Seeking the Same Remedy Against the Same Parties in a Different Jurisdiction is Improper
In St. Paul Fire And Marine Insurance Company v. Amerisourcebergen Drug Corporation, and Bellco Drug Corporation v. ACE American Insurance Company and ACE Property And Casualty Insurance Company, No. 21-0036, Supreme Court of Appeals of West Virginia (November 15, 2021) insurers sought to reverse an order of a West Virginia Trial court enjoining them from pursuing a suit in California.
An anti-suit injunction is an order barring parties to an action in this state from instituting or prosecuting substantially similar litigation in another state. Whether the foreign state action is substantially similar involves assessing (1) the similarity of the parties; (2) the similarity of the issues; and (3) the capacity of the action in this state to dispose of the foreign state action. An anti-suit injunction is appropriate when equity compels the circuit court:
- to address a threat to the court’s jurisdiction;
- to prevent the evasion of an important public policy;
- to prevent a multiplicity of suits that result in delay, inconvenience, expense, inconsistency, or will be a “race to judgment”; or
- to protect a party from vexatious, inequitable or harassing litigation.
Over the last two decades, the United States has experienced an epidemic of overdose deaths involving prescription and illicit opioid medications.

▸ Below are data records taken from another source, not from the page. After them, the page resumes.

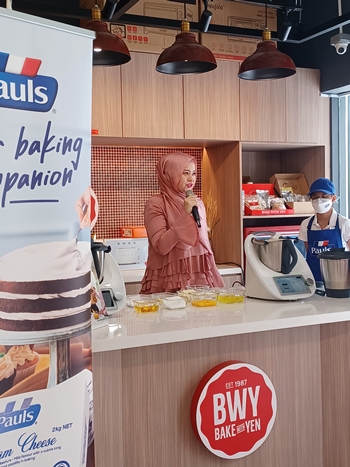 Baking demonstration using Pauls Cream Cheese at Bake With Yen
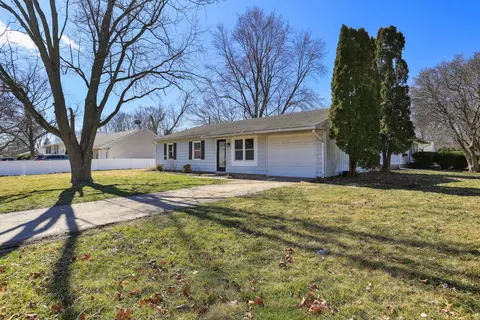 Exterior - 801 Maplepark Dr, Champaign, IL 61821 photo 2 of 6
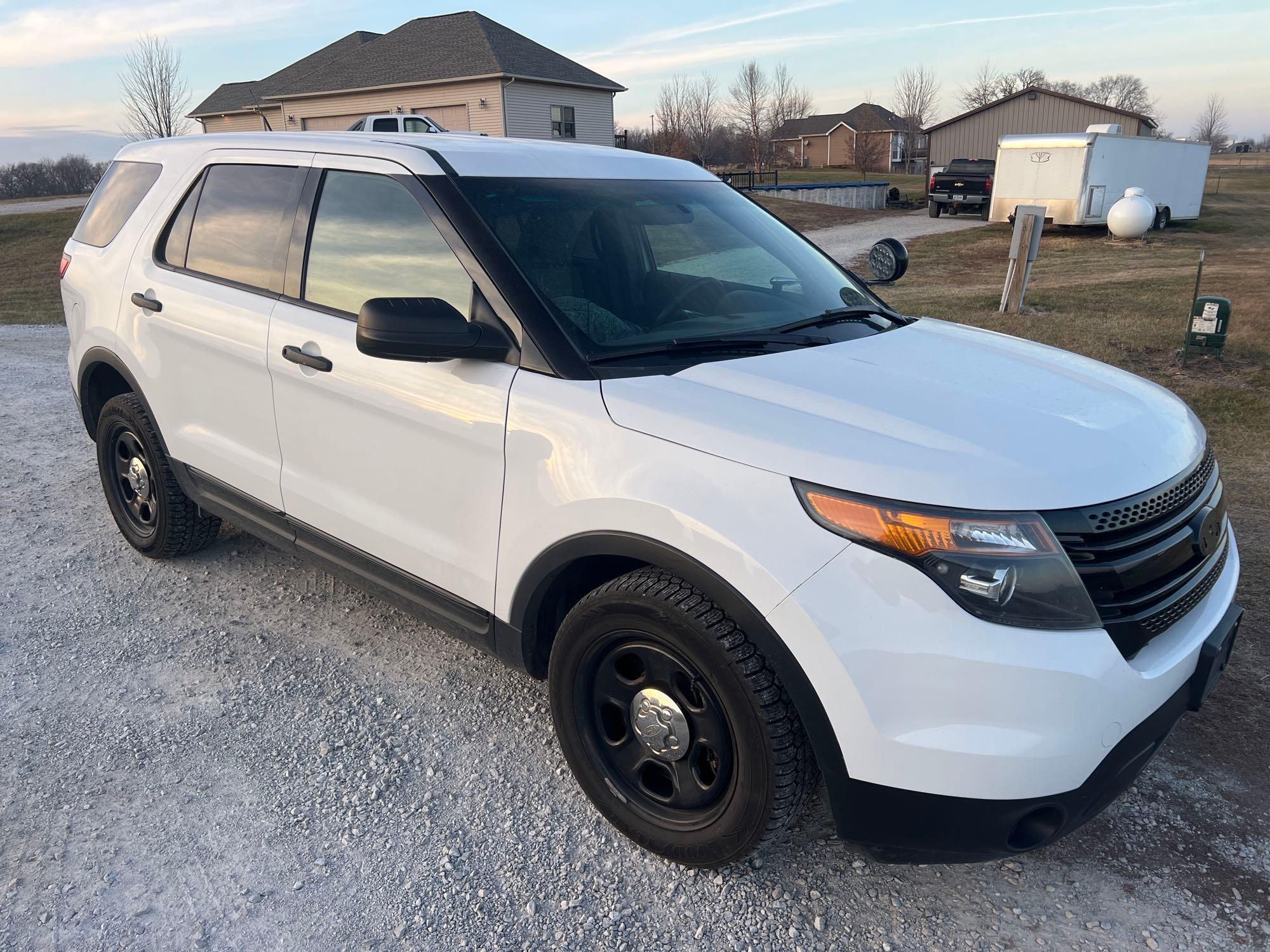 28479-2013 Ford Explorer AWD Police Interceptor 186k miles front tire goes down runs and drives
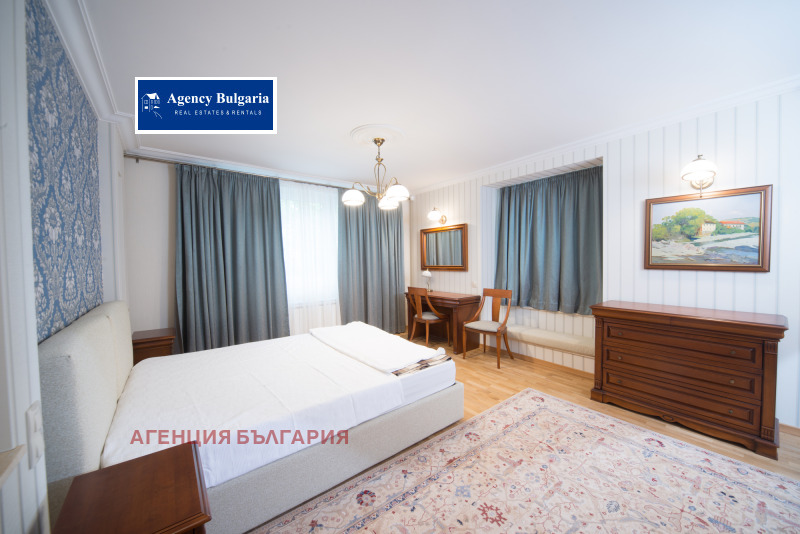 Do wynajęcia  3 sypialnie Sofia , Centar , 150 mkw | 81508130 - obraz [12]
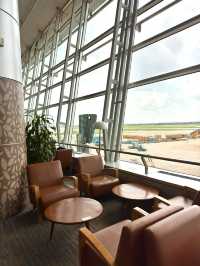 ベトナム　ベトナム観光　タンソンニャット空港のRose Business loungeで快適に過ごす！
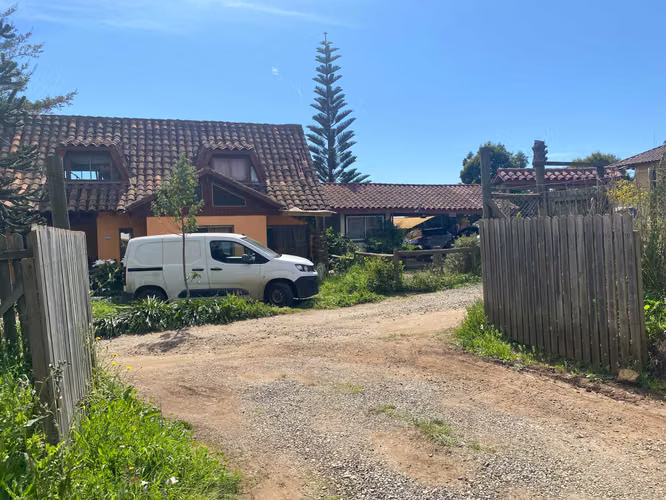 Sitio a pasos de la Playa en zona urbana (182612)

Governments, businesses and individuals have sued the pharmaceutical distributors that sold prescription opioid medicines and “seek to recover billions in governmental and economic costs allegedly incurred in providing a wide array of public services in response to the influx of opioids into their communities.
The circuit court entered an “anti-suit injunction” prohibiting the insurance companies sued in West Virginia from pursuing parallel litigation against the distributor in California.
Factual and Procedural Background
Plaintiff AmerisourceBergen Drug Corporation (“ABDC”) is a wholesale distributor of prescription opioid medication in West Virginia and across the United States. This case derives from ABDC’s efforts to establish that these prescription opioid lawsuits, nationwide and in West Virginia, are covered under primary, umbrella, and excess commercial general liability policies purchased by ABDC (or its predecessors or affiliates).
ABDC’s insurance coverage lawsuit specifically sought a declaratory judgment from the circuit court construing primary, umbrella and excess comprehensive general liability policies issued by defendant St. Paul Fire & Marine Insurance Company (“St. Paul”) and by defendants Ace American Insurance Company and Ace Property and Casualty Insurance Company (“Ace American”).
After three years of discovery St. Paul filed a competing insurance coverage action in California state court against ABDC and its corporate subsidiaries and affiliates. St. Paul’s California complaint alleged that St. Paul issued various insurance policies to ABDC, but sought a declaratory judgment that St. Paul had no duty to defend or indemnify ABDC in any opioid lawsuit filed against ABDC nationwide. Alternatively, St. Paul’s complaint named as defendants seventy insurance companies (including companies such as ACE American) “who, on information and belief, issued insurance policies to [ABDC] Affiliates covering periods between 1995 and 2018[.]” The complaint asked the California court to issue a declaratory judgment that, if St. Paul had some obligation to provide coverage for any opioid lawsuit, established the scope and amount of coverage required to be provided by each insurance company to ABDC.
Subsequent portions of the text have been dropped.